WORK REQUIRED -> Present the data once more in exactly its original form.

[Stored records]
■ ■ ■ ■

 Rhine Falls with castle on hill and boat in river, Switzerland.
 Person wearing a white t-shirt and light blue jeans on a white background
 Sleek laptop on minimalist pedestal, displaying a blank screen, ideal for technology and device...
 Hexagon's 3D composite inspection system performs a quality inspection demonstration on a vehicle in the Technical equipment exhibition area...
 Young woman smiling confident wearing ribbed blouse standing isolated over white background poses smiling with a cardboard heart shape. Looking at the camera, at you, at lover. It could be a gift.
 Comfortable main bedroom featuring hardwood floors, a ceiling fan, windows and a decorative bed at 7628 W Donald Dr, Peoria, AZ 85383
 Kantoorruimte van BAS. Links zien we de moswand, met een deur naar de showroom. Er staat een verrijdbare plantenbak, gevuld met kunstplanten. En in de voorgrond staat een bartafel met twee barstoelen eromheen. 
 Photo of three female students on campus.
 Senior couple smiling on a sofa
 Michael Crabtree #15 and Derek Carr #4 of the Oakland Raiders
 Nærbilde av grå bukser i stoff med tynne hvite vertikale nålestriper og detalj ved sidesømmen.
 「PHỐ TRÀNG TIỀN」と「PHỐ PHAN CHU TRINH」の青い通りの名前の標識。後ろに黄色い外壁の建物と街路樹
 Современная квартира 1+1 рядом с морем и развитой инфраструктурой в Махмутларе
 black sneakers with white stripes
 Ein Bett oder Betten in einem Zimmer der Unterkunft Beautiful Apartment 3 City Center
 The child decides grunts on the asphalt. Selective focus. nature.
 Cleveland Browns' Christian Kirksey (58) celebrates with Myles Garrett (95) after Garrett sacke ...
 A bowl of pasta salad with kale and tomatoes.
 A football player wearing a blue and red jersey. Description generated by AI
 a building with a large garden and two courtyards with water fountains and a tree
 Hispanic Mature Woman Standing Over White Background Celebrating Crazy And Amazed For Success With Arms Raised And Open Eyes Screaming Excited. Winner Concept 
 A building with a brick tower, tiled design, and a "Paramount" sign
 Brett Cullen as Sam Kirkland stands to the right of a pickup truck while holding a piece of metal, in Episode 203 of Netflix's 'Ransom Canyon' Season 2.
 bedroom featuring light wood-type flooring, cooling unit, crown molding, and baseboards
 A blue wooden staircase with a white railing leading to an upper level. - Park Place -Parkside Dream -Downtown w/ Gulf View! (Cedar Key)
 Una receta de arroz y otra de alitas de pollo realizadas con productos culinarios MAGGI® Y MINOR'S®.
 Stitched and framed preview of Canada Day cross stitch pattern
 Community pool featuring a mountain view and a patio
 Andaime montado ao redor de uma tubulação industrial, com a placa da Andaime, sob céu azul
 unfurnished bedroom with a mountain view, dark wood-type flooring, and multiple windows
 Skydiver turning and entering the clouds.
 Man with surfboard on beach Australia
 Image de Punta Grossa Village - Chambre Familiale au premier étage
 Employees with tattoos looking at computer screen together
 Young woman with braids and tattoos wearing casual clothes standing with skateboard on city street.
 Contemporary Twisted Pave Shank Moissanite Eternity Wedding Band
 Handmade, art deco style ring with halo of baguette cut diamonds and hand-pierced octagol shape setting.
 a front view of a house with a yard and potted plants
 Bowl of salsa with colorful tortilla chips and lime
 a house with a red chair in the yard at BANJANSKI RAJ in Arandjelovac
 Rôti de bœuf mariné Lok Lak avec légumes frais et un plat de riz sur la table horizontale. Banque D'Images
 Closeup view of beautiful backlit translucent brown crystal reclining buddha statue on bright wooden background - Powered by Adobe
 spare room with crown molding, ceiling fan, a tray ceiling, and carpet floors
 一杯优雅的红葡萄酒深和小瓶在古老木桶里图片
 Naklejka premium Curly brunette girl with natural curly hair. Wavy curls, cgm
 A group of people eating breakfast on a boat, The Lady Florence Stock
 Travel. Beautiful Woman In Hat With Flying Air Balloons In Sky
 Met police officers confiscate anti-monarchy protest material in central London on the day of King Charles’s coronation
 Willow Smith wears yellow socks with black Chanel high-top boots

■ ■ ■ ■

EXERCISE SOLUTION ->
 Rhine Falls with castle on hill and boat in river, Switzerland.
 Person wearing a white t-shirt and light blue jeans on a white background
 Sleek laptop on minimalist pedestal, displaying a blank screen, ideal for technology and device...
 Hexagon's 3D composite inspection system performs a quality inspection demonstration on a vehicle in the Technical equipment exhibition area...
 Young woman smiling confident wearing ribbed blouse standing isolated over white background poses smiling with a cardboard heart shape. Looking at the camera, at you, at lover. It could be a gift.
 Comfortable main bedroom featuring hardwood floors, a ceiling fan, windows and a decorative bed at 7628 W Donald Dr, Peoria, AZ 85383
 Kantoorruimte van BAS. Links zien we de moswand, met een deur naar de showroom. Er staat een verrijdbare plantenbak, gevuld met kunstplanten. En in de voorgrond staat een bartafel met twee barstoelen eromheen. 
 Photo of three female students on campus.
 Senior couple smiling on a sofa
 Michael Crabtree #15 and Derek Carr #4 of the Oakland Raiders
 Nærbilde av grå bukser i stoff med tynne hvite vertikale nålestriper og detalj ved sidesømmen.
 「PHỐ TRÀNG TIỀN」と「PHỐ PHAN CHU TRINH」の青い通りの名前の標識。後ろに黄色い外壁の建物と街路樹
 Современная квартира 1+1 рядом с морем и развитой инфраструктурой в Махмутларе
 black sneakers with white stripes
 Ein Bett oder Betten in einem Zimmer der Unterkunft Beautiful Apartment 3 City Center
 The child decides grunts on the asphalt. Selective focus. nature.
 Cleveland Browns' Christian Kirksey (58) celebrates with Myles Garrett (95) after Garrett sacke ...
 A bowl of pasta salad with kale and tomatoes.
 A football player wearing a blue and red jersey. Description generated by AI
 a building with a large garden and two courtyards with water fountains and a tree
 Hispanic Mature Woman Standing Over White Background Celebrating Crazy And Amazed For Success With Arms Raised And Open Eyes Screaming Excited. Winner Concept 
 A building with a brick tower, tiled design, and a "Paramount" sign
 Brett Cullen as Sam Kirkland stands to the right of a pickup truck while holding a piece of metal, in Episode 203 of Netflix's 'Ransom Canyon' Season 2.
 bedroom featuring light wood-type flooring, cooling unit, crown molding, and baseboards
 A blue wooden staircase with a white railing leading to an upper level. - Park Place -Parkside Dream -Downtown w/ Gulf View! (Cedar Key)
 Una receta de arroz y otra de alitas de pollo realizadas con productos culinarios MAGGI® Y MINOR'S®.
 Stitched and framed preview of Canada Day cross stitch pattern
 Community pool featuring a mountain view and a patio
 Andaime montado ao redor de uma tubulação industrial, com a placa da Andaime, sob céu azul
 unfurnished bedroom with a mountain view, dark wood-type flooring, and multiple windows
 Skydiver turning and entering the clouds.
 Man with surfboard on beach Australia
 Image de Punta Grossa Village - Chambre Familiale au premier étage
 Employees with tattoos looking at computer screen together
 Young woman with braids and tattoos wearing casual clothes standing with skateboard on city street.
 Contemporary Twisted Pave Shank Moissanite Eternity Wedding Band
 Handmade, art deco style ring with halo of baguette cut diamonds and hand-pierced octagol shape setting.
 a front view of a house with a yard and potted plants
 Bowl of salsa with colorful tortilla chips and lime
 a house with a red chair in the yard at BANJANSKI RAJ in Arandjelovac
 Rôti de bœuf mariné Lok Lak avec légumes frais et un plat de riz sur la table horizontale. Banque D'Images
 Closeup view of beautiful backlit translucent brown crystal reclining buddha statue on bright wooden background - Powered by Adobe
 spare room with crown molding, ceiling fan, a tray ceiling, and carpet floors
 一杯优雅的红葡萄酒深和小瓶在古老木桶里图片
 Naklejka premium Curly brunette girl with natural curly hair. Wavy curls, cgm
 A group of people eating breakfast on a boat, The Lady Florence Stock
 Travel. Beautiful Woman In Hat With Flying Air Balloons In Sky
 Met police officers confiscate anti-monarchy protest material in central London on the day of King Charles’s coronation
 Willow Smith wears yellow socks with black Chanel high-top boots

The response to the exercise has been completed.